There has been a decline in the SIP inflows in the last two months (May and June) before recovering in the month of July 19. What is the sense that you are getting from investors?Are they frustrated with lower or negative returns? So, how has it impacted IDFC Mutual Fund and what measures the fund house is taking to control this situation?
It is good to see that the flows are still very strong with smart investors continuing to believe in the long term benefits of staying invested and reaping the benefits. When one looks at the quarterly averages between quarter ending in December, March and June, you will notice that consistently the averages have moved up for net SIP inflows and this despite the market being extremely volatile. This indicates a maturing investor who understands the value of staying invested,especially when the market is volatile. In terms of SIP book, IDFC Mutual Fund has grown faster than the industry. The average SIP book for the industry went up by 1.4% compared to last quarter and IDFC Mutual Fund’s SIP book grew by well over 10% during the same time. This is the outcome of our sustained efforts in promoting SIP as a smarter way to invest for long term investors.
The recent credit events such as IL&FS, Essel group and DHFL have adversely impacted the debt mutual funds, specifically, the credit risk funds and FMPs. How do you look at credit risk funds, going forward?

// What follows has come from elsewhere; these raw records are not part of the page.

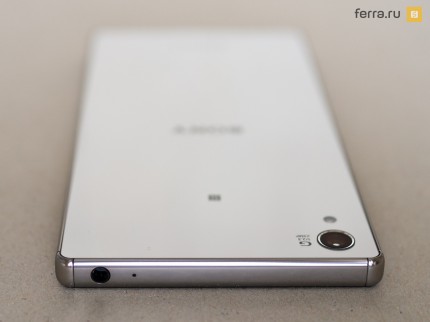 Верхний торец корпуса Sony Xperia Z5 Premium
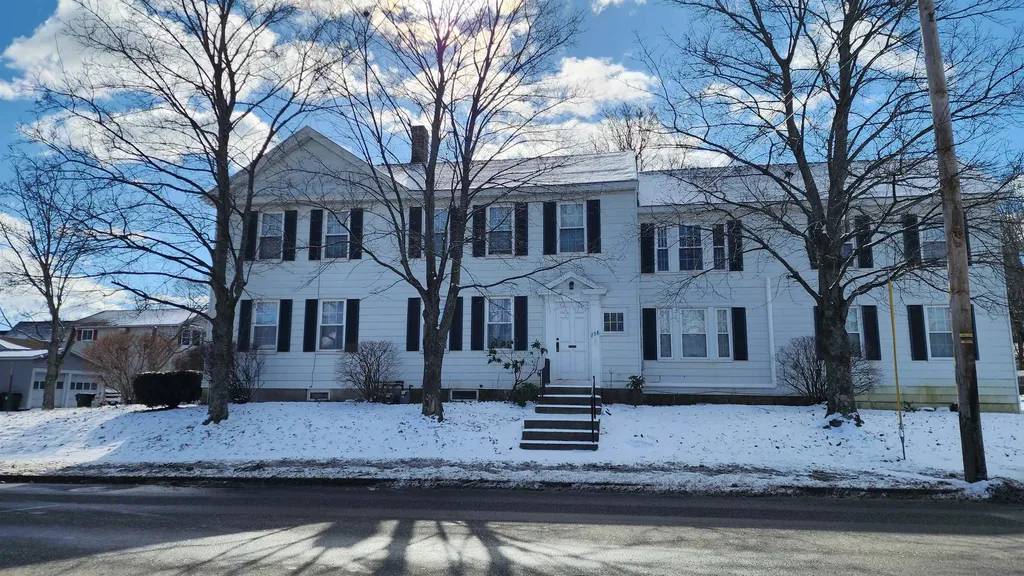 258 Varney Street Manchester NH 03102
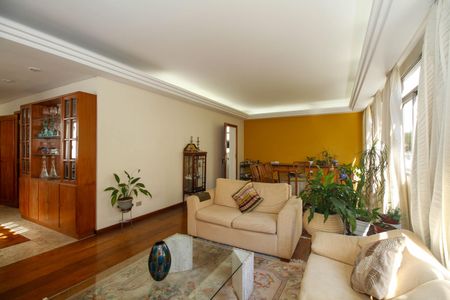 Apartamento para alugar com 3 quartos, 200m² em Jardim Paulista, São Paulo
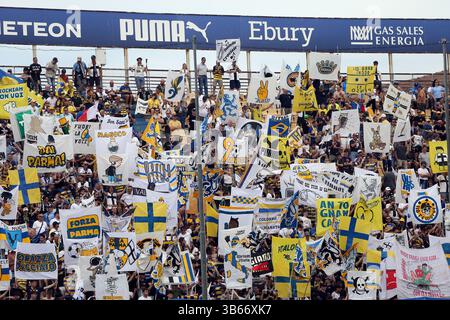 Parme, Italie. 03 mai 2025. Le supporter de Parme lors du match de football Serie A Enilive entre Parme et Côme au stade Ennio Tardini de Parme, samedi 3 mai 2025. Sport - Football. (Photo de Gianni Santandrea/LaPresse) crédit : LaPresse/Alamy Live News Banque D'Images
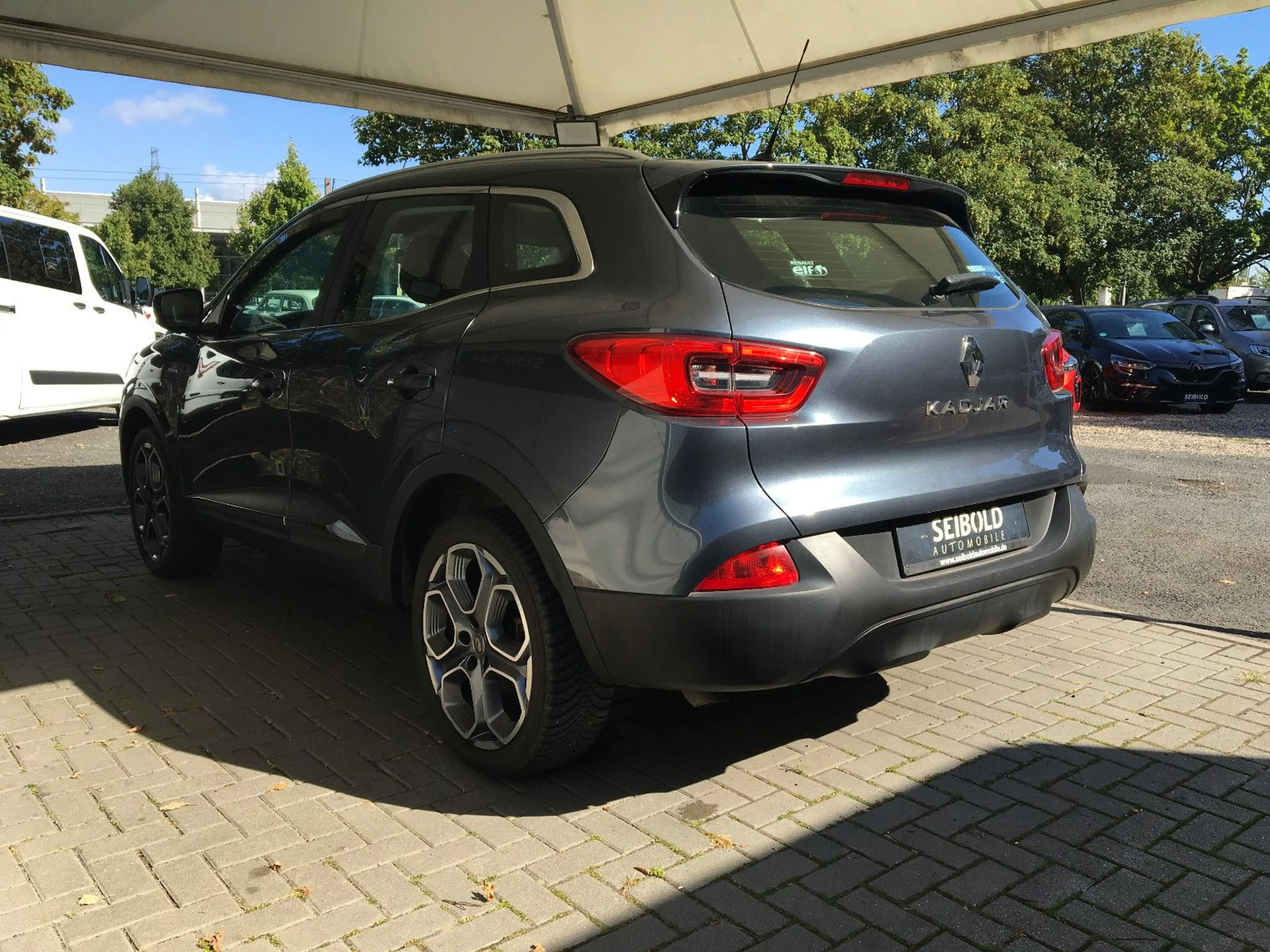 Renault Kadjar TCe 140 Limited/Navi/Klimatr/Temp/S&S/NSW — photo 6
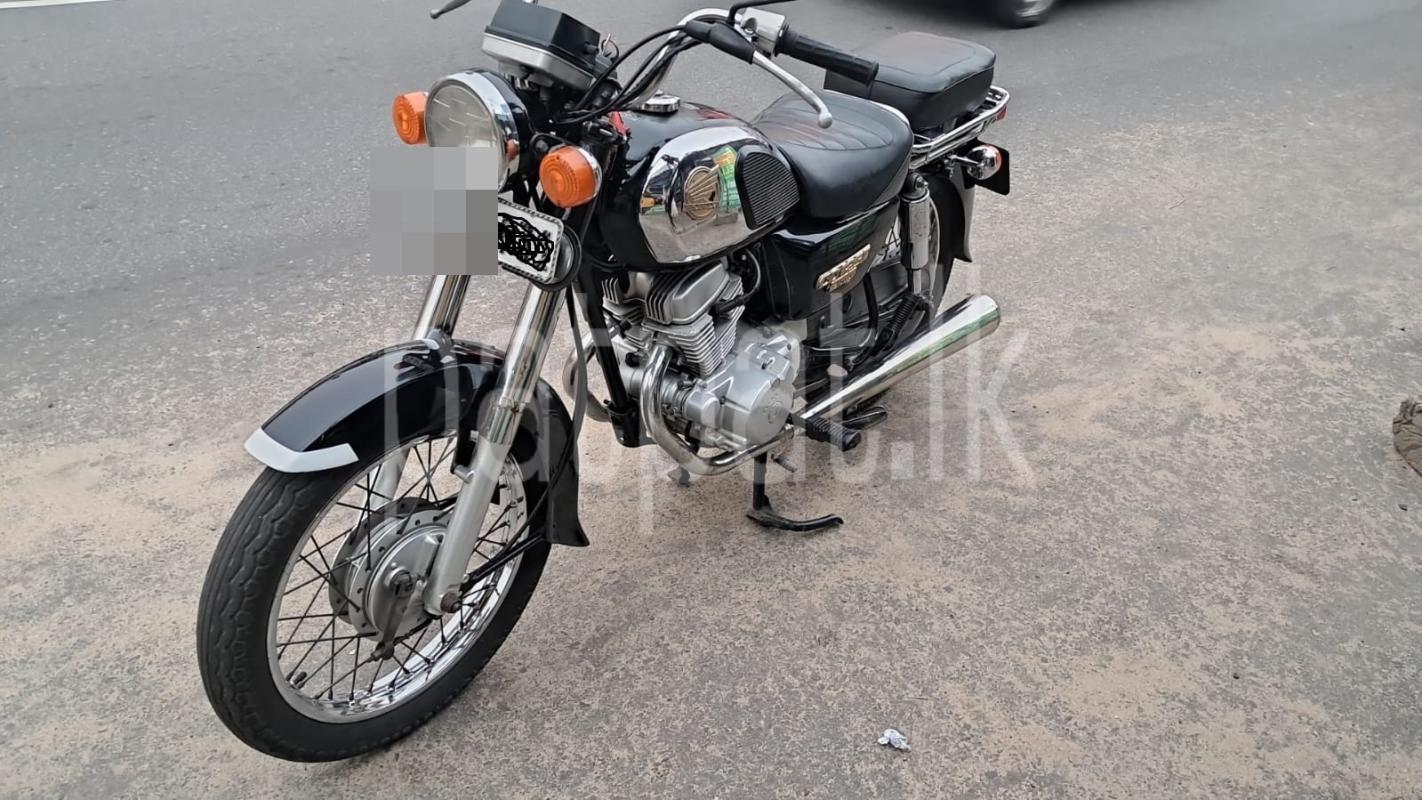 Honda Benly 2011 - பயன்படுத்தப்பட்டது பைக் sale in Sri Lanka - patpat.lk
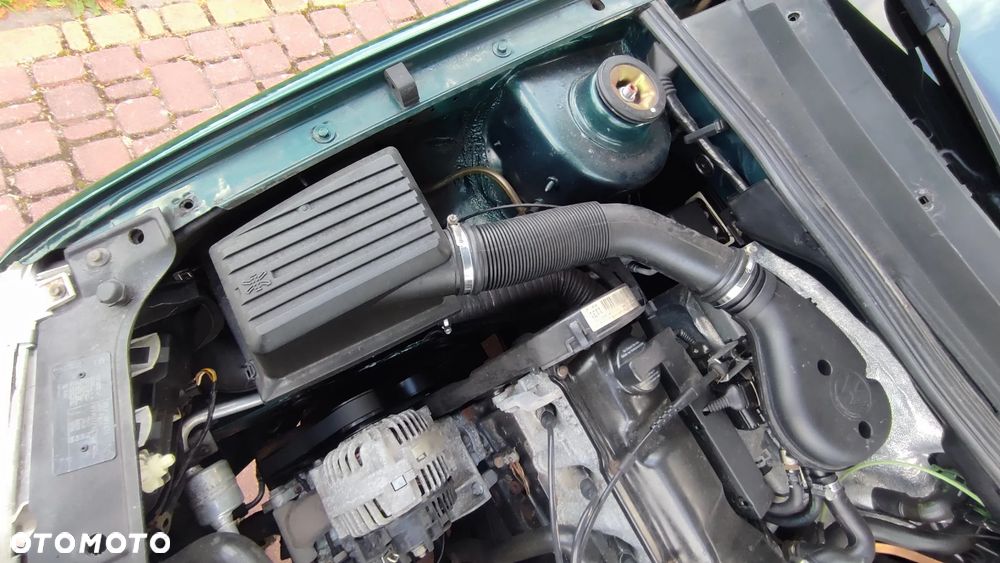 Volkswagen Golf 1.8 GL - 21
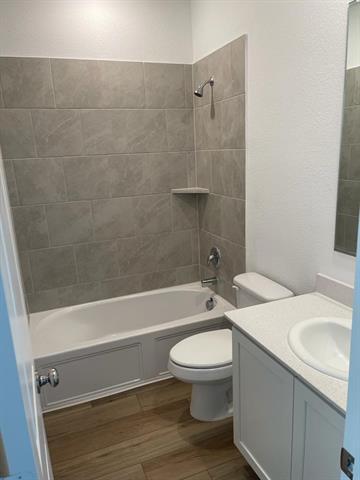 Building Photo - 2644 Starwater Dr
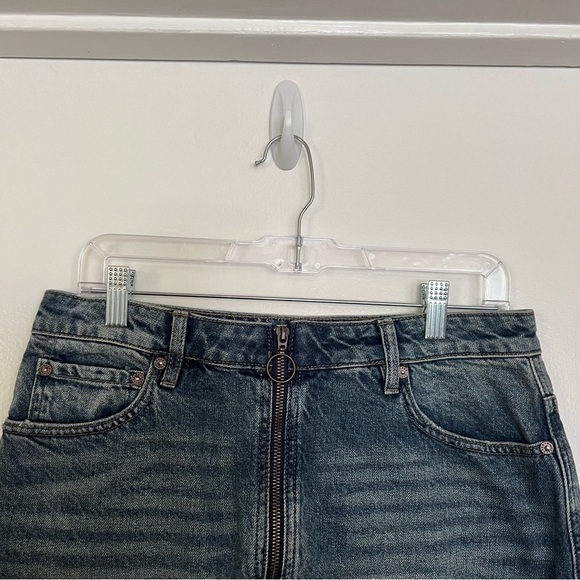 We The Free Blue Denim Front Zip Mini Skirt Size 30 / US 10 - Picture 4 of 9
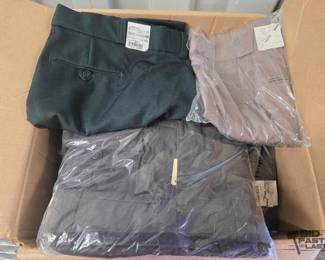 8656  NEW 30 Pairs of Work Pants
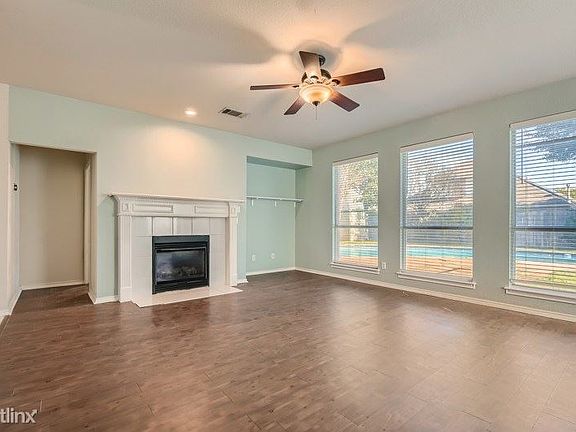 3rd image of 5816 Clear Creek Dr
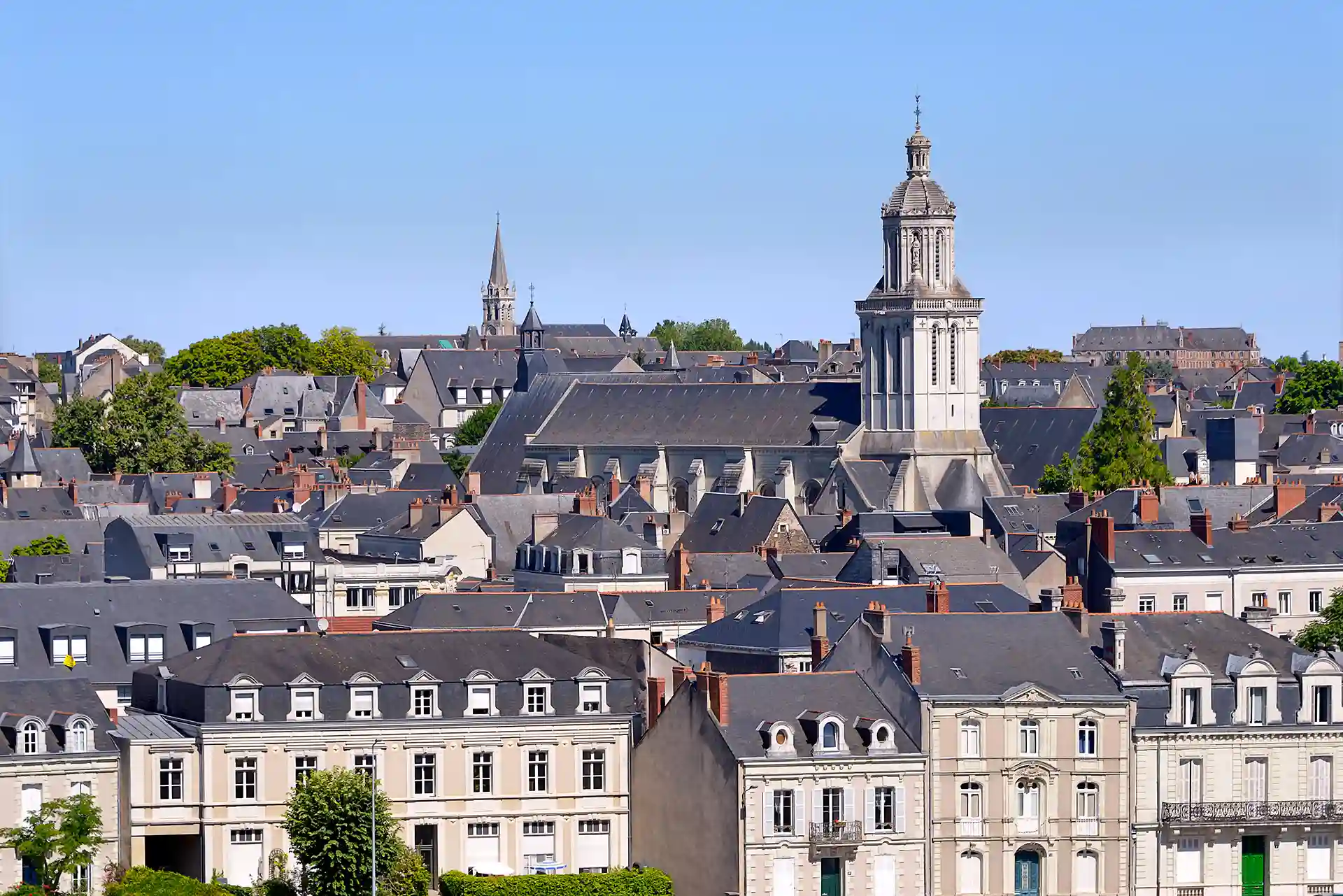 Acheter un bien immobilier en 2026 à Angers. L'image montre une vue aérienne de l'église de La Trinité à Angers, ville située dans l'ouest de la France.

Over the past several years, we have been consistently highlighting the fact that in fixed income, while there is no right or wrong about taking risk, one has to be aware of one’s risk appetite and look to invest accordingly. If you want more return somewhere, you have to accept higher risk, otherwise somewhere the equation will not work out. I don’t think the category itself is something that we can blame—the name says it is credit risk. Just as in equity, where investors understand the risk they take, so too in fixed income, one has to be careful therefore about how much of your allocation should be there and what do you expect of that allocation. If you prefer safety, then you have to be in the low credit risk type of product. Don’t go by just the label, but go to the portfolio level and see what level of safety it reads and if this fund offers you that level of safety, then go there.